JeffersonLab / qphix

QCD for Intel Xeon Phi and Xeon processors
http://jeffersonlab.github.io/qphix/
Other
13 stars 11 forks source link

Tuning within CG is disabled. Why? #29

Closed martin-ueding closed 7 years ago

martin-ueding commented 7 years ago

While looking through the code, Peter found that the tuning in the CG is disabled:

    void tune()
    {
      int iters=100;
#if 0
      tuneCopyThreads(iters);
      tuneAypxThreads(iters);
      tuneNorm2Threads(iters);
      tuneXMYNorm2Threads(iters);
      tuneRXUpdateThreads(iters);

      reportTuning();
#endif
    }

Looking at git blame, I found that most of the code has been copied from the predecessor cpp_wilson_dslash. However, the #if 1 has been replaced with #if 0 in commit 939060e97df2d12e39dc87970a2dddfd44fa02c3. Also now the number of threads is taken from the -sy and -sz command line arguments via the Geometry object.

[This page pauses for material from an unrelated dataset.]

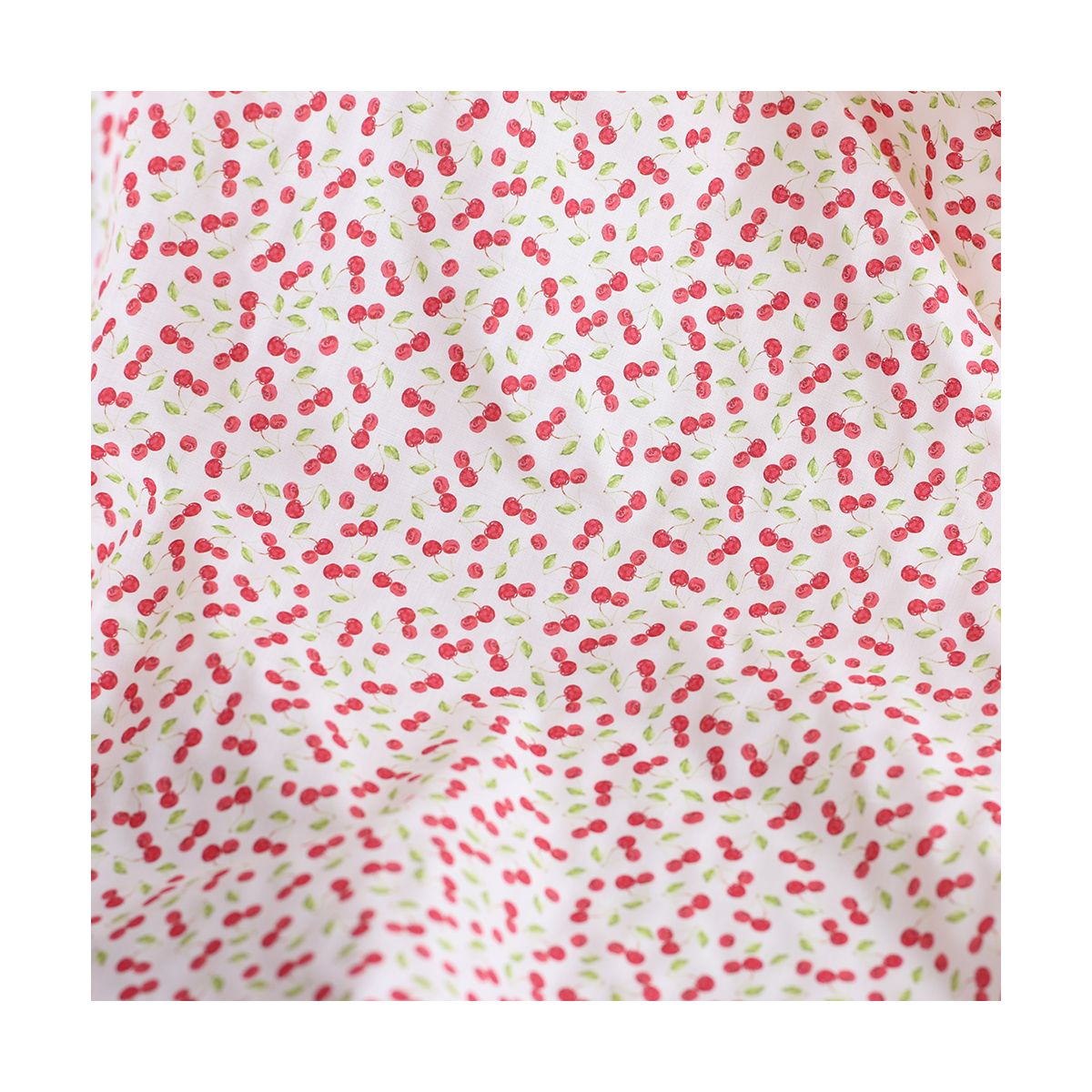 Cerise - Batiste de coton douce à imprimé rouge Cerise - Batiste de coton douce à imprimé rouge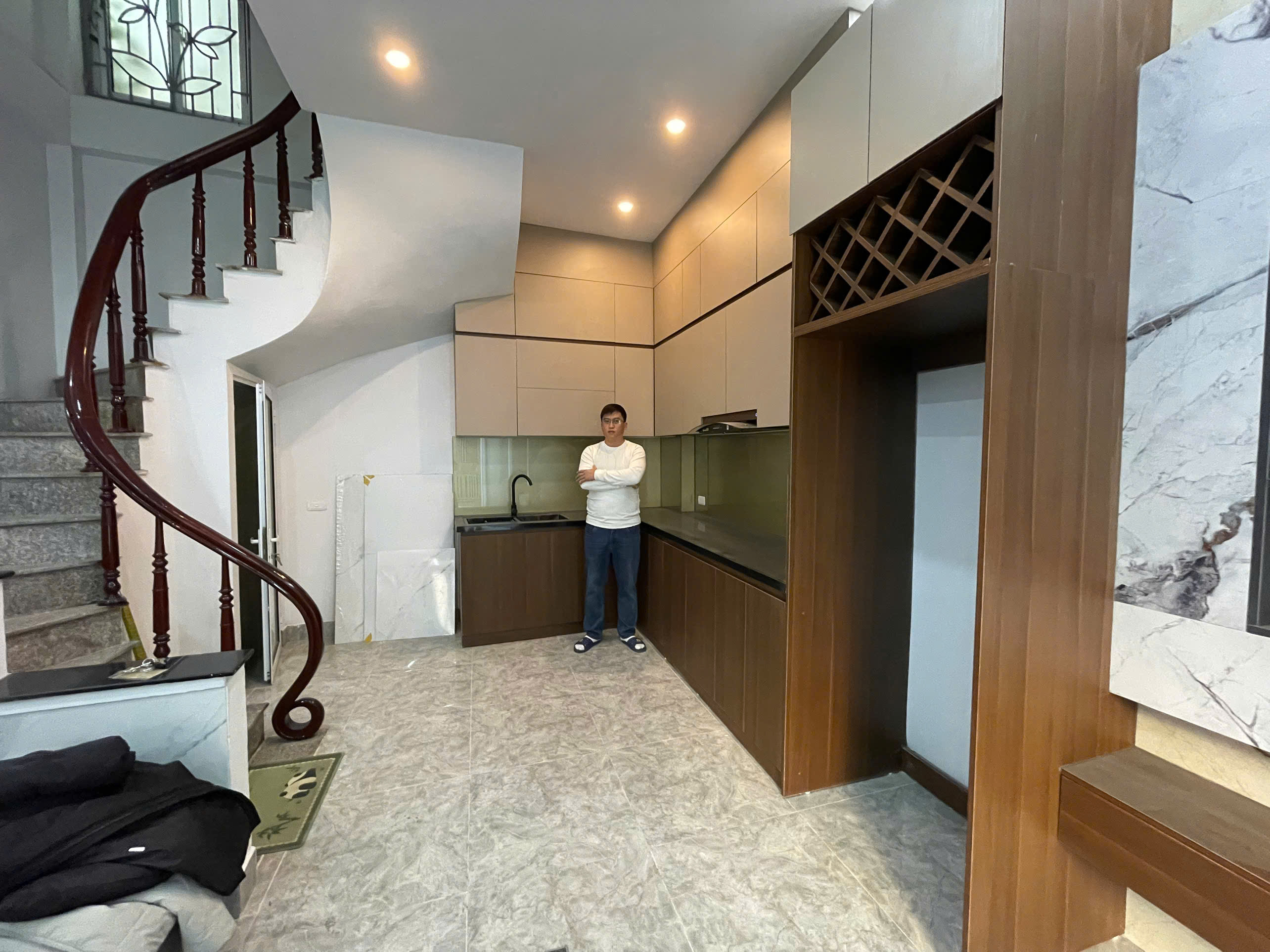 Bán nhà riêng Đa Sỹ_Hà Đông_5 tầng_ô tô đỗ cửa_Hơn 8 tỷ có thương lượng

To me it seems better to have this auto-tuned for the individual kernels instead of using a fixed number of threads for all kernels. Was the auto-tuning not worth the effort? Or is using a fixed number of threads better for performance?

bjoo commented 7 years ago

Hi Martin, I think the issue here was that I ended up dead-ending the automatic tuning of BLAS threads. The idea was that it may be useful to have different number of threads in the BLAS than in the Dslash (where we fixed everything with the sy and sz parameters). But in the initial phases, I got lots of segfaults from the BLAS. So moving to KNL we had to rework some of that and I think I got rid of the concept of having separate number of BLAS threads from Dslash threads.

Best, B

On Apr 9, 2017, at 6:28 AM, Martin Ueding notifications@github.com wrote:

While looking through the code, Peter found that the tuning in the CG is disabled:

void tune

() {

int iters=100 ; # if 0 tuneCopyThreads(iters); tuneAypxThreads(iters); tuneNorm2Threads(iters); tuneXMYNorm2Threads(iters); tuneRXUpdateThreads(iters);

  reportTuning();

endif

}

Looking at git blame, I found that most of the code has been copied from the predecessor cpp_wilson_dslash. However, the #if 1 has been replaced with #if 0 in commit 939060e. Also now the number of threads is taken from the -sy and -sz command line arguments via the Geometry object.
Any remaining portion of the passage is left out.